Familial benign pemphigus often manifests in the late teenage years or in adulthood (30s and 40s).

A family history of benign familial pemphigus usually is present. Commonly, patients may not have symptoms until ages 30-49 years. Delayed diagnosis of familial benign pemphigus also is common, especially if the patient’s lesions respond to topical corticosteroids, antibiotics, or antifungals.

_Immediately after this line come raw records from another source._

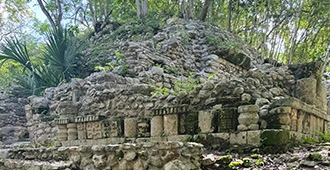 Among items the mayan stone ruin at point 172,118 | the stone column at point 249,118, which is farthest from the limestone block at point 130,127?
the stone column at point 249,118

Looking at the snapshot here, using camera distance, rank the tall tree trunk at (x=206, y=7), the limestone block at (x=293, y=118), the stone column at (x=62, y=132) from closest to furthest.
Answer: the limestone block at (x=293, y=118)
the stone column at (x=62, y=132)
the tall tree trunk at (x=206, y=7)

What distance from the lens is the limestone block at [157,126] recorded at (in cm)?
400

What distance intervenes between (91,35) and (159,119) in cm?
978

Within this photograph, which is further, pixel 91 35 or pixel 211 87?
pixel 91 35

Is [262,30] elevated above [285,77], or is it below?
above

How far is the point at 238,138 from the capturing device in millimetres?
3305

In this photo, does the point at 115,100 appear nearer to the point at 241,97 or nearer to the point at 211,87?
the point at 211,87

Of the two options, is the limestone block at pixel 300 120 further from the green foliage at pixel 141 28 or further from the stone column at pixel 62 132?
the green foliage at pixel 141 28

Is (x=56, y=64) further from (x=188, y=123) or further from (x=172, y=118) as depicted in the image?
(x=188, y=123)

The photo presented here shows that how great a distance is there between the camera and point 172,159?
8.93 ft

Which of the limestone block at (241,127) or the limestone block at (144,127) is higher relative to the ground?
the limestone block at (241,127)

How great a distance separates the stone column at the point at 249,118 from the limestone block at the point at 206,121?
1.21ft

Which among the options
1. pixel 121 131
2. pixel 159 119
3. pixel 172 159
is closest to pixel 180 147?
pixel 172 159

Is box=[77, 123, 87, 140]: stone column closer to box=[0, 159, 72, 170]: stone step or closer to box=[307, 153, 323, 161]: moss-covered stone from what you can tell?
box=[0, 159, 72, 170]: stone step
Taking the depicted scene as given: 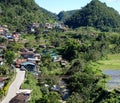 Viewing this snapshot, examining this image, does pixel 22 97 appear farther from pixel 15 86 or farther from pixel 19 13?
pixel 19 13

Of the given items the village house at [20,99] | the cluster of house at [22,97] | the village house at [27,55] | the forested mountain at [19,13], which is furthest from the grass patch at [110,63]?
the forested mountain at [19,13]

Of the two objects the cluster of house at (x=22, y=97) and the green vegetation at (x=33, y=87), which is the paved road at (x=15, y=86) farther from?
the cluster of house at (x=22, y=97)

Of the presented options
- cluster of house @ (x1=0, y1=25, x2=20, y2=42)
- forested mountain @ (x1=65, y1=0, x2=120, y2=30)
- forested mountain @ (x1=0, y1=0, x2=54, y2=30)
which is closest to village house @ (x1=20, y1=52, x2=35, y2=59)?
cluster of house @ (x1=0, y1=25, x2=20, y2=42)

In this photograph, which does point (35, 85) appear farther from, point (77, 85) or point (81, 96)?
point (81, 96)

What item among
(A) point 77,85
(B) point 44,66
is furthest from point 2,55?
(A) point 77,85

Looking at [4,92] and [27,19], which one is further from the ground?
[27,19]

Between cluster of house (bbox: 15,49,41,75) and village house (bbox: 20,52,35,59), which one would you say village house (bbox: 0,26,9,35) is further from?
village house (bbox: 20,52,35,59) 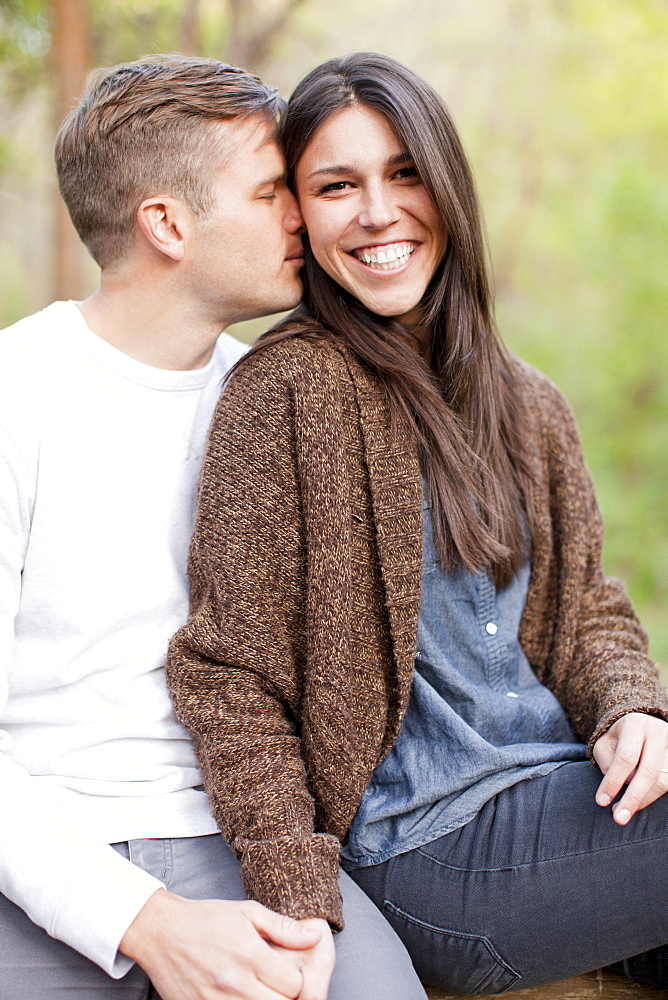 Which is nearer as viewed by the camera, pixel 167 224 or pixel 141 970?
pixel 141 970

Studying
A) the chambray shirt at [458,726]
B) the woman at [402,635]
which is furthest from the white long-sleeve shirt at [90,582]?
the chambray shirt at [458,726]

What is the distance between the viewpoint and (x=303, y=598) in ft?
5.29

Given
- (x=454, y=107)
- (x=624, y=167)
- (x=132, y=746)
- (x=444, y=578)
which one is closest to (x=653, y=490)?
(x=624, y=167)

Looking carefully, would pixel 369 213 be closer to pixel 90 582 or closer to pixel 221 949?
pixel 90 582

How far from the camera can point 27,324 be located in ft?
5.48

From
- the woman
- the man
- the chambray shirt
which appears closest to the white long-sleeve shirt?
the man

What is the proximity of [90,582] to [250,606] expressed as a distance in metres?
0.28

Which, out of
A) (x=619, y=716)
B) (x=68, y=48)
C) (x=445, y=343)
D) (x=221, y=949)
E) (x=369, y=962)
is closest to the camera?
(x=221, y=949)

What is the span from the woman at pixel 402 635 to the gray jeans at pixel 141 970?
8 centimetres

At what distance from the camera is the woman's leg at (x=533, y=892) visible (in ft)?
4.86

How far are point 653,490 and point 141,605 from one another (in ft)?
16.7

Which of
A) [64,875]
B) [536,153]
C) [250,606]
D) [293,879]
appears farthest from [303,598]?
[536,153]

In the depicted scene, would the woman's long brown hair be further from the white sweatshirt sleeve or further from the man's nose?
the white sweatshirt sleeve

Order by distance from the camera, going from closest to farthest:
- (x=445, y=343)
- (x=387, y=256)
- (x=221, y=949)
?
(x=221, y=949) → (x=387, y=256) → (x=445, y=343) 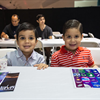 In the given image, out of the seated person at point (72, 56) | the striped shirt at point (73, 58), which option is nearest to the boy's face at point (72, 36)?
the seated person at point (72, 56)

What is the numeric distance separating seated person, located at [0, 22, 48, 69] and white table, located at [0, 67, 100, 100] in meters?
0.16

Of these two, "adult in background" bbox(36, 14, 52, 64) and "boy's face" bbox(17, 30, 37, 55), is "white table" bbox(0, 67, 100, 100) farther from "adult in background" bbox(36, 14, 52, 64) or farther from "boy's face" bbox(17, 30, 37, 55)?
"adult in background" bbox(36, 14, 52, 64)

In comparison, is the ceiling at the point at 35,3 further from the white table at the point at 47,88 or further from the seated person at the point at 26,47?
the white table at the point at 47,88

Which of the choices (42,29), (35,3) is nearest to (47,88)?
(42,29)

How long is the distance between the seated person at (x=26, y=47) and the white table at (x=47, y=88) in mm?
155

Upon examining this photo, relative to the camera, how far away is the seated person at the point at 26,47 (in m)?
1.11

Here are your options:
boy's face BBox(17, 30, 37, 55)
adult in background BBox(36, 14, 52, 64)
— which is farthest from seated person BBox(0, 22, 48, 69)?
adult in background BBox(36, 14, 52, 64)

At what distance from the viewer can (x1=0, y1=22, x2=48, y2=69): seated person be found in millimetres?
1114

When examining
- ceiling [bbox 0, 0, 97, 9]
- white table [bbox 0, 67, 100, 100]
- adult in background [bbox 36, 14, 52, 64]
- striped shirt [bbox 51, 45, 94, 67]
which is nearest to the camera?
white table [bbox 0, 67, 100, 100]

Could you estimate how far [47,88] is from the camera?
2.36 ft

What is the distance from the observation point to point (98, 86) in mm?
735

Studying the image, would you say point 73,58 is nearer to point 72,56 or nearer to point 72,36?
point 72,56

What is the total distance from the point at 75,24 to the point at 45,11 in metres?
5.63

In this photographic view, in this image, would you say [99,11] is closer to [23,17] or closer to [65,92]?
[23,17] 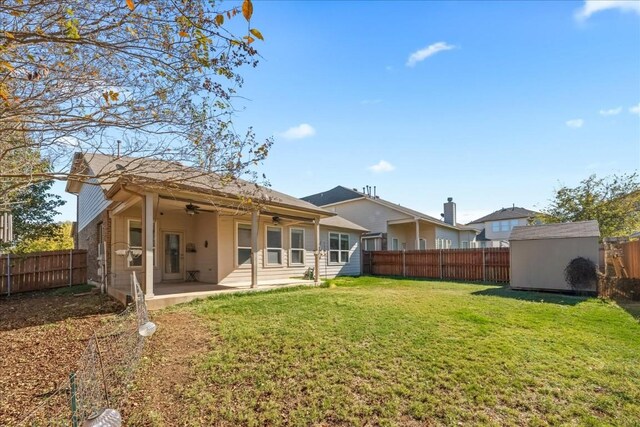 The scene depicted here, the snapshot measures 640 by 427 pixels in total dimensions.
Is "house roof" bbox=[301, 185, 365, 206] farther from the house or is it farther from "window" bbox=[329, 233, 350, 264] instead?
the house

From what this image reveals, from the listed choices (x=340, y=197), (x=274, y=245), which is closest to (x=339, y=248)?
(x=274, y=245)

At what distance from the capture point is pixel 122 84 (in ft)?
15.2

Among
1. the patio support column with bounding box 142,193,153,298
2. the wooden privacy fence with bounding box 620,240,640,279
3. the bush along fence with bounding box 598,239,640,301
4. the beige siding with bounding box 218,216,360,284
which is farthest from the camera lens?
the beige siding with bounding box 218,216,360,284

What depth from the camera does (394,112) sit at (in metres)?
10.9

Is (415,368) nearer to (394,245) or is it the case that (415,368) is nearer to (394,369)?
(394,369)

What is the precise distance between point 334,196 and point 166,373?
71.8 ft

With familial benign pemphigus, vesicles and erythematous plaques with overlying crusts typically occur in the genital area, as well as the chest, neck, and axillary areas . Burning and itching accompany the eruption, and a malodorous drainage occurs in some cases as a result of secondary infection. Symptoms related to staphylococcal and candidal overgrowth are common in familial benign pemphigus. Multiple asymptomatic longitudinal white bands on the fingernails also have been described. Involvement of mucosa is rare. The characteristic clinical appearance of familial benign pemphigus, as well as biopsy findings, readily confirms the diagnosis.

Hailey-Hailey disease, or familial benign pemphigus, is hypothesized to result from a genetic defect in a calcium pump protein. The pump mutation is in ATP2C1, a gene localized on chromosome 3. This gene defect is similar to the genetic defect in Darier disease, which also is a calcium pump defect, ATP2A2. The gene ATP2C1 encodes the human secretory pathway Ca⁺⁺ -ATPase hSPCA1, which is dysfunctional and causes abnormal calcium release from the Golgi apparatus and endoplasmic reticulum.

In addition to the primary gene defect in Hailey-Hailey disease (familial benign pemphigus), contributing factors are known that exacerbate the disease. These include heat, friction, and infection, resulting in separation of keratinocytes, especially in the intertriginous areas. Through ultrastructural studies of familial benign pemphigus lesions, characteristic changes in keratinocyte morphology have been described, including retracted tonofilaments, elongated membrane microvilli, and reduced numbers of desmosomes.